Scams Targeting Troops and Families


Stars and Stripes
By Joseph Giordono

A 3rd Infantry Division soldier deploying to Iraq is warning other servicemembers of the latest scam to target troops and their families.

According to 1st Lt. David Cowan, in early December his 84-year-old grandmother received a phone call from a man calling himself J.D. Taylor. The man claimed that Cowan was on his way home on leave from Iraq for the holidays, but had gotten hung up and lost his wallet and military identification card.

Cowan's grandmother, he said, was "asked by this person to wire $800, allegedly on my behalf so that I could get back home and surprise my family for Christmas."

The claim was a scam. Luckily for Cowan and his family, his grandmother knew to be suspicious of strangers asking for money, even if they'd somehow managed to reach the relatives of a soldier whose name they knew.

"I told her to write down everything she could remember from the conversation and to immediately contact the authorities," Cowan wrote in an e-mail to Stripes. "My grandmother is 84, and still a very sharp woman. Thankfully, she immediately saw through his scam and decided to contact me directly."

Cowan suspects the scam artist will try a similar ruse with other military families. And according to federal investigators, he's probably right.

In recent years, the FBI has tracked a growing number of scams targeting military families or making false claims to prey on the public's feelings of good will for troops.

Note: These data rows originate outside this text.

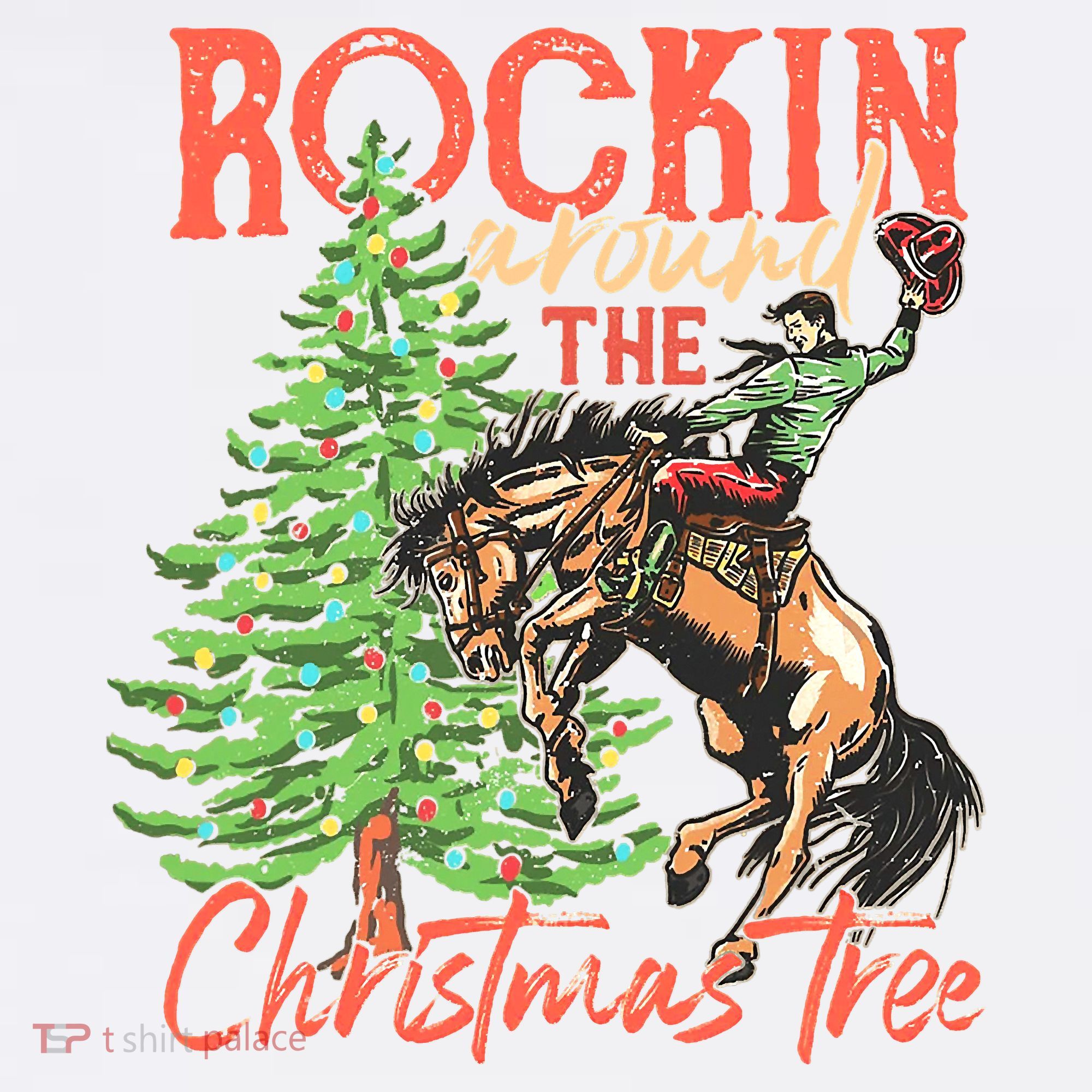 Rocking Around The Christmas Tree Christmas Cow Horse Women's Hoodie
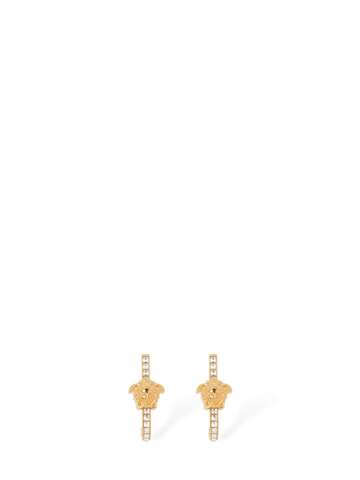 versace medusa crystal stud earrings in gold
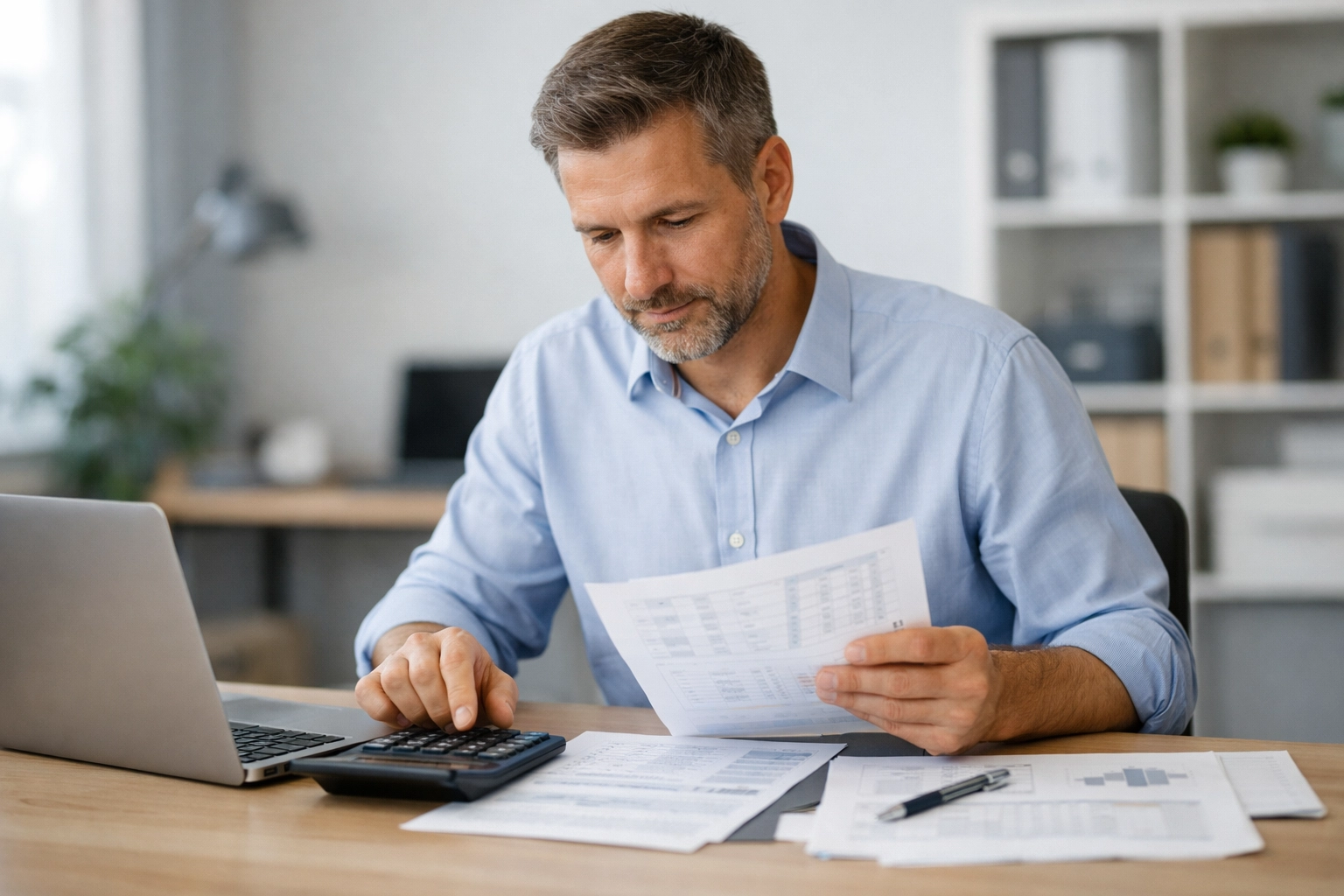 Accountant working at a desk reviewing paperwork in a professional office setting.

The FBI's Internet Crime Complaint Center has tracked scams including ones sent from purported soldiers who have found or "stolen" millions of dollars in Iraq. Those scams are similar to the "Nigerian" e-mail scams.

"The scam e-mails vary in content; however, the general theme of each is to request personal information and/or funds from the individual receiving the e-mail," according to an FBI primer on the subject.

Despite repeated warnings about these particular or general scams, FBI officials say, many people still fall for them.

Investigators say Cowan handled the situation correctly. Law enforcement authorities advise people to never provide any personal or financial information over the phone or send money to a stranger on a relative's behalf.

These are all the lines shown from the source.